# Work order
Below are records to transcribe in full and unchanged; omit every picture.

+++ Input records

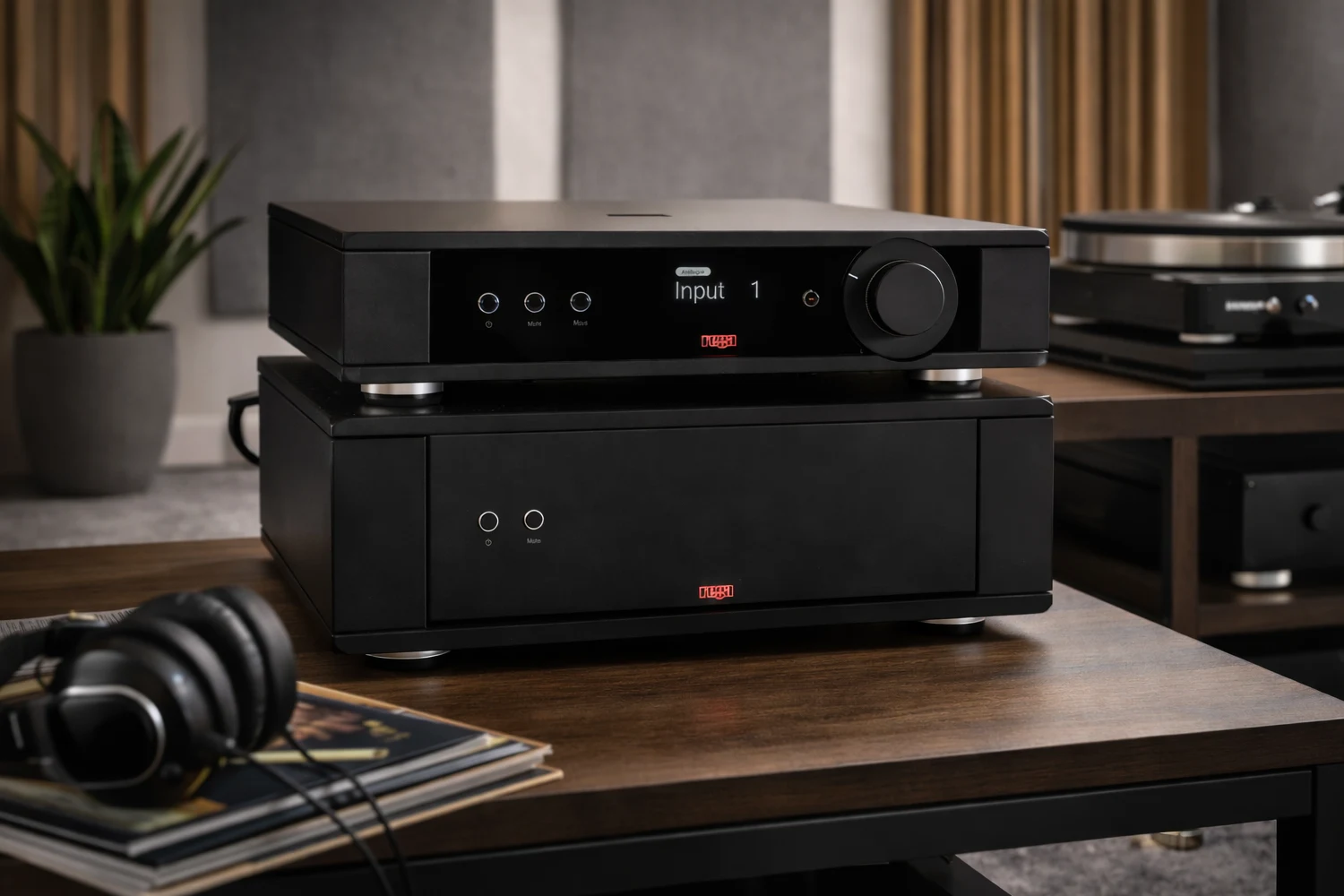 The new Rega Mercury and Solis form a high-end pre/power amplifier duo, featuring symmetrical discrete designs, integrated DAC support, and serious driving capability.
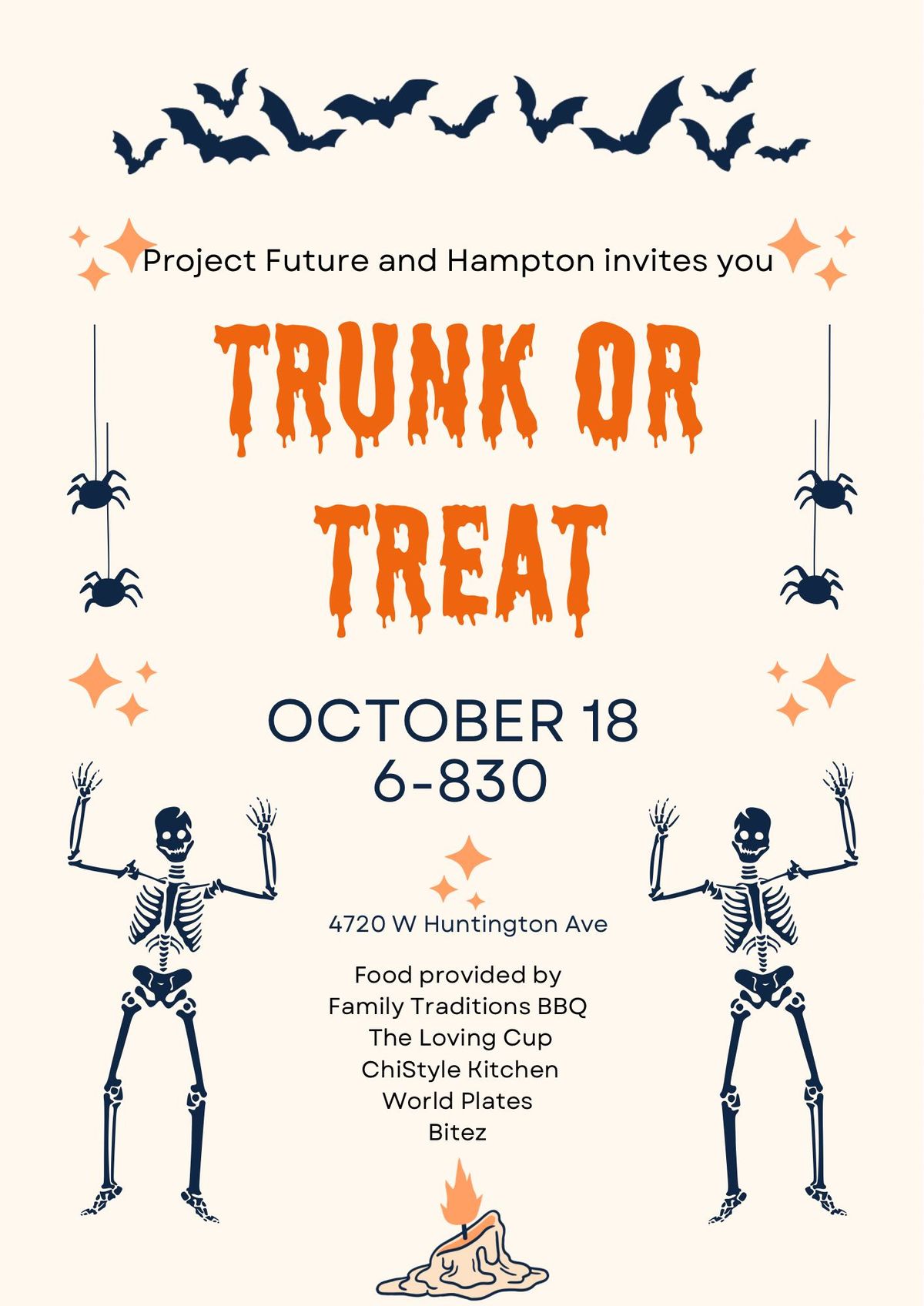 Annual Trunk or Treat 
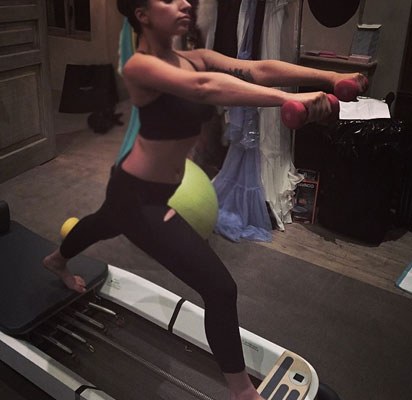 gaga瘦时候的样子,gaga现在的状况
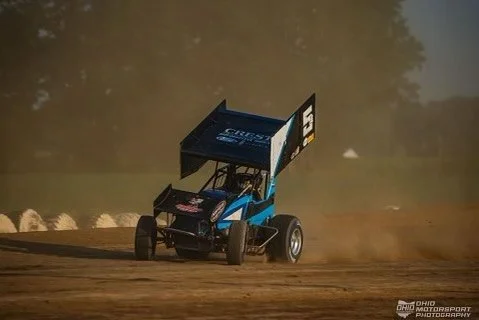 Solid night at Wayne County Speedway
Burned the tires off of it to finish 5th in the feature. Was as high as 2nd but just made a few errors and roasted the tires to finish 5th.

So proud of Aj Steward, Bob Elliott, and @alejandro steward for all the 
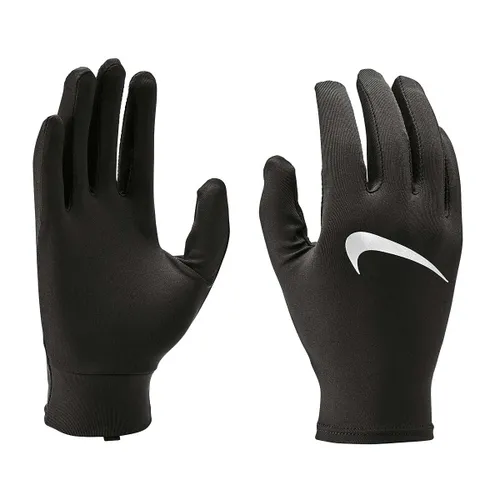 Nike Miler Rg Gloves, Schwarz/silber EU34-38 S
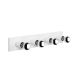 OPVIQ Zidna lampa Mirro 12241, bela - EP3009106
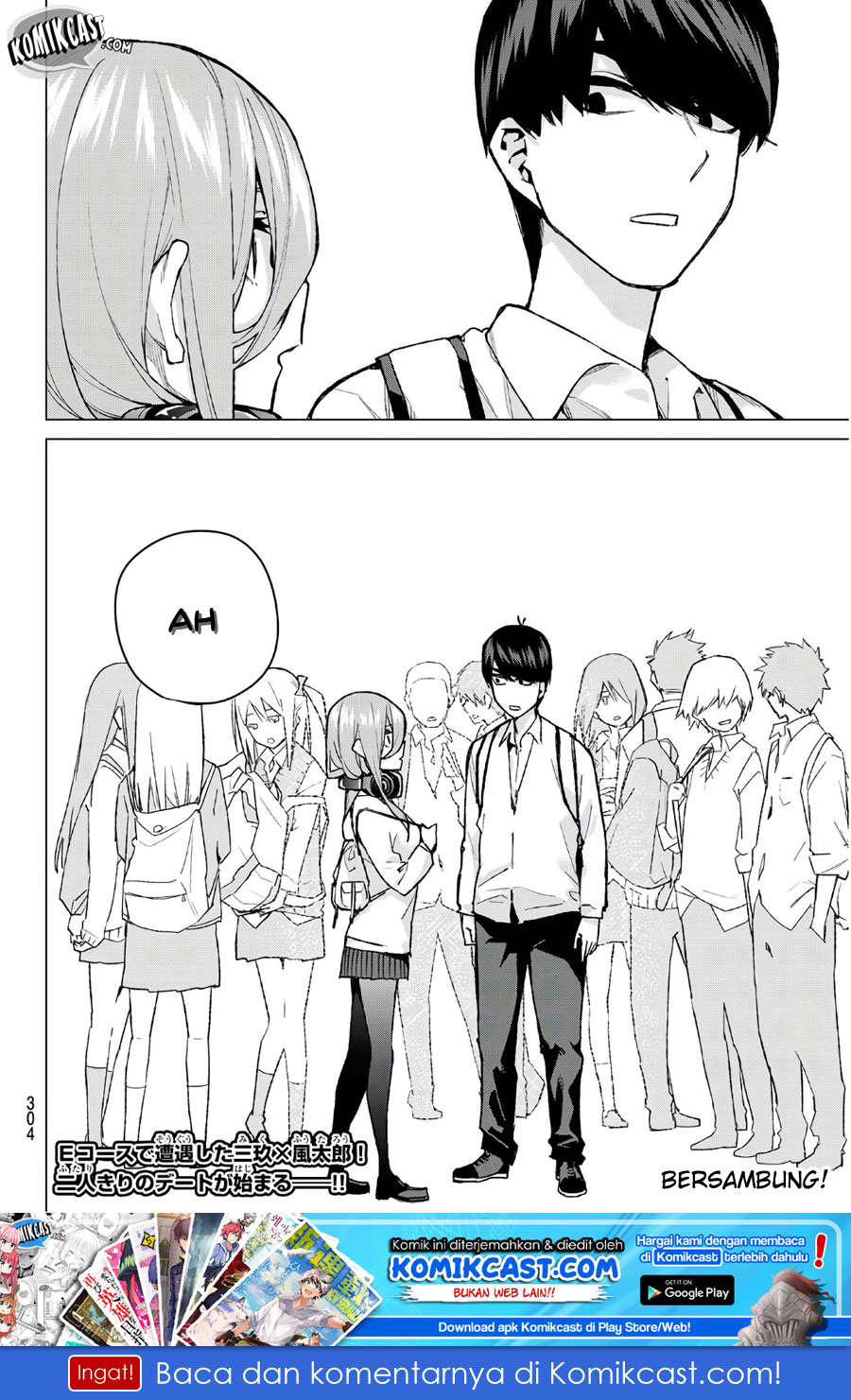 go-toubun-no-hanayome - Chapter: 83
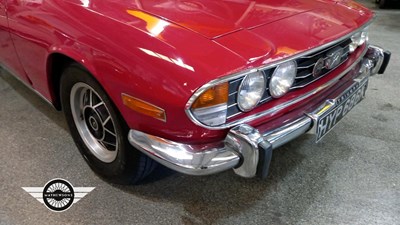 Lot 642 - 1971 TRIUMPH STAG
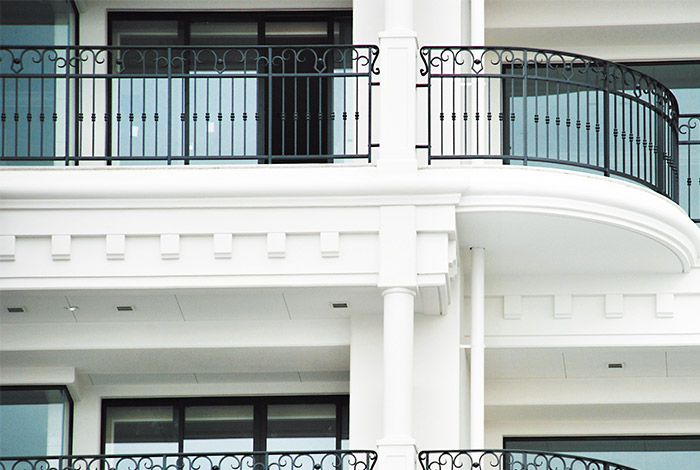 ロートアルミ【バルコニー手すり】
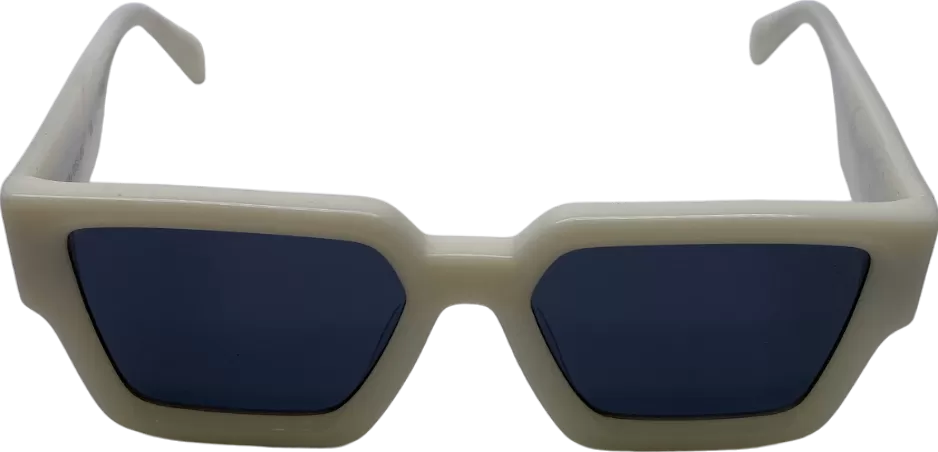 Cernucci Cream Edge Sunglasses One Size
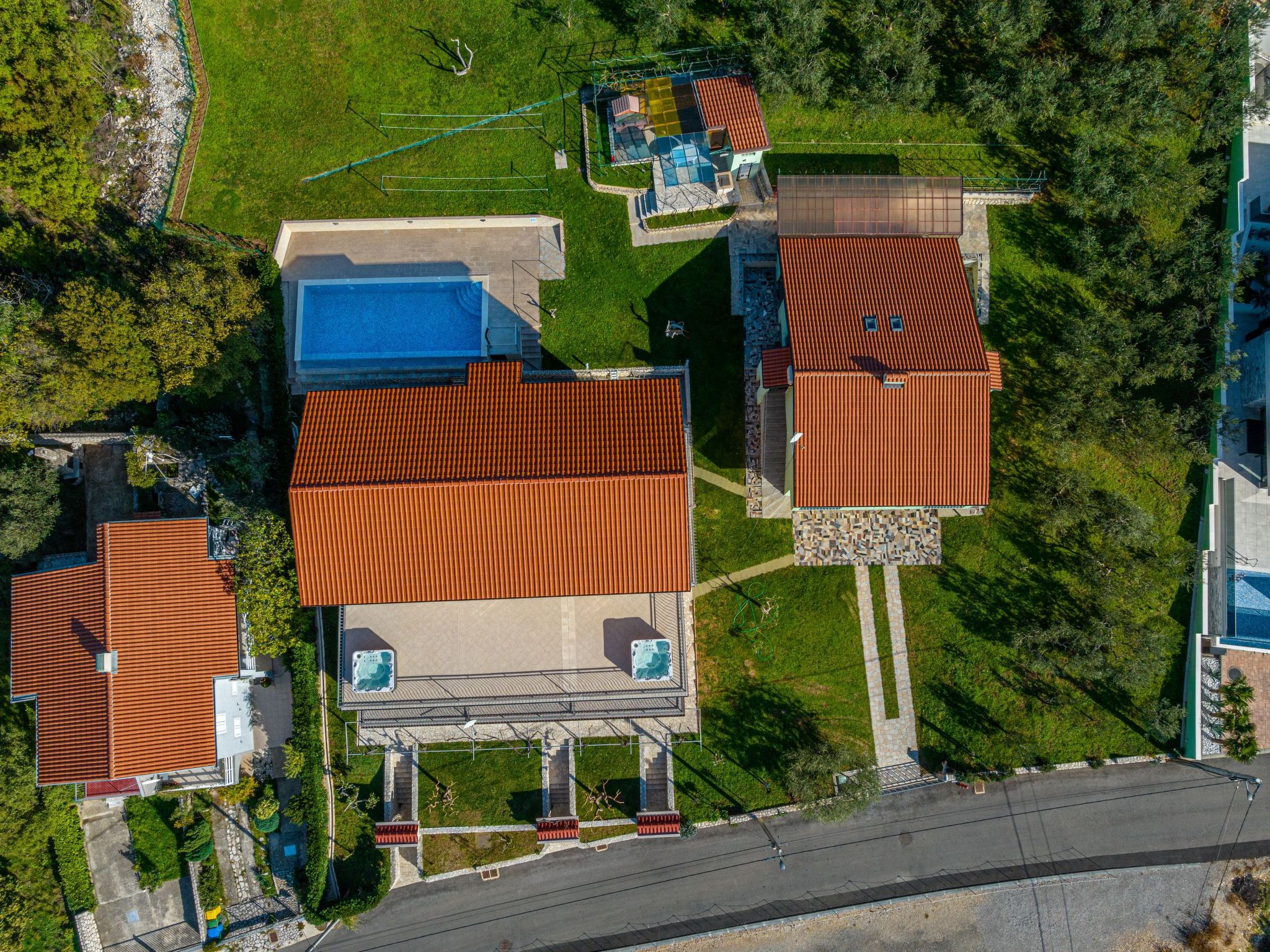 Appartement in Crikvenica mit Großem Garten-Image-tags.info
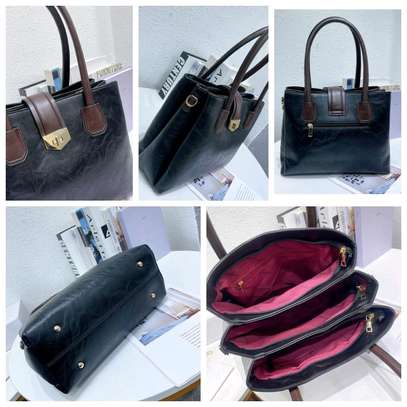 Ladies Quality Classic Hand Bags image 7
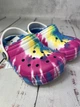 Крокси дитячі CROCKS Lined Tie Dye Original 19/20р-12см Різнобарвний (659) - зображення 5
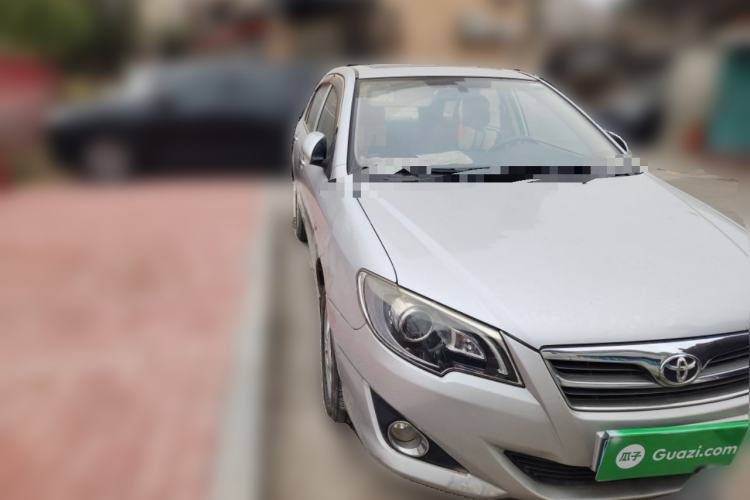 Used Toyota Corolla EX 2013 1.6L Manual Excellence Edition Front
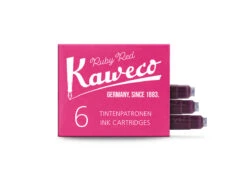 Kaweco Ink Cartridges -Stationery Sale Store Kaweco Ink 6 pack RubRed open web s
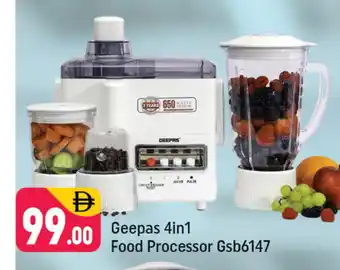 Shaklan GEEPAS Mixer / Grinder offer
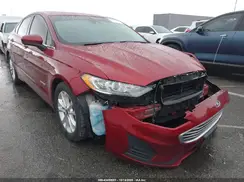 3FA6P0LU2KR173824 2019 FORD FUSION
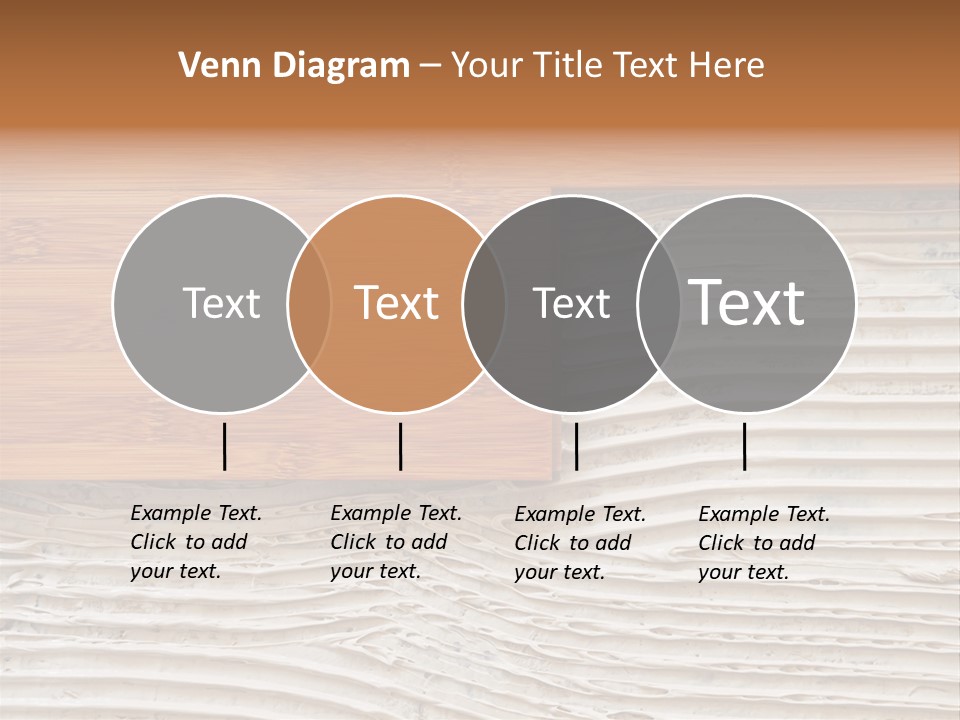 Wooden Pattern Floor PowerPoint Template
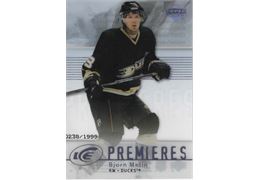 2007-08 Collecting Card Upper Deck Ice #133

++++++

# Response
 The new Rega Mercury and Solis form a high-end pre/power amplifier duo, featuring symmetrical discrete designs, integrated DAC support, and serious driving capability.
 Annual Trunk or Treat 
 gaga瘦时候的样子,gaga现在的状况
 Solid night at Wayne County Speedway
Burned the tires off of it to finish 5th in the feature. Was as high as 2nd but just made a few errors and roasted the tires to finish 5th.

So proud of Aj Steward, Bob Elliott, and @alejandro steward for all the 
 Nike Miler Rg Gloves, Schwarz/silber EU34-38 S
 OPVIQ Zidna lampa Mirro 12241, bela - EP3009106
 go-toubun-no-hanayome - Chapter: 83
 Lot 642 - 1971 TRIUMPH STAG
 ロートアルミ【バルコニー手すり】
 Cernucci Cream Edge Sunglasses One Size
 Appartement in Crikvenica mit Großem Garten-Image-tags.info
 Ladies Quality Classic Hand Bags image 7
 Крокси дитячі CROCKS Lined Tie Dye Original 19/20р-12см Різнобарвний (659) - зображення 5
 Used Toyota Corolla EX 2013 1.6L Manual Excellence Edition Front
 Kaweco Ink Cartridges -Stationery Sale Store Kaweco Ink 6 pack RubRed open web s
 Shaklan GEEPAS Mixer / Grinder offer
 3FA6P0LU2KR173824 2019 FORD FUSION
 Wooden Pattern Floor PowerPoint Template
 2007-08 Collecting Card Upper Deck Ice #133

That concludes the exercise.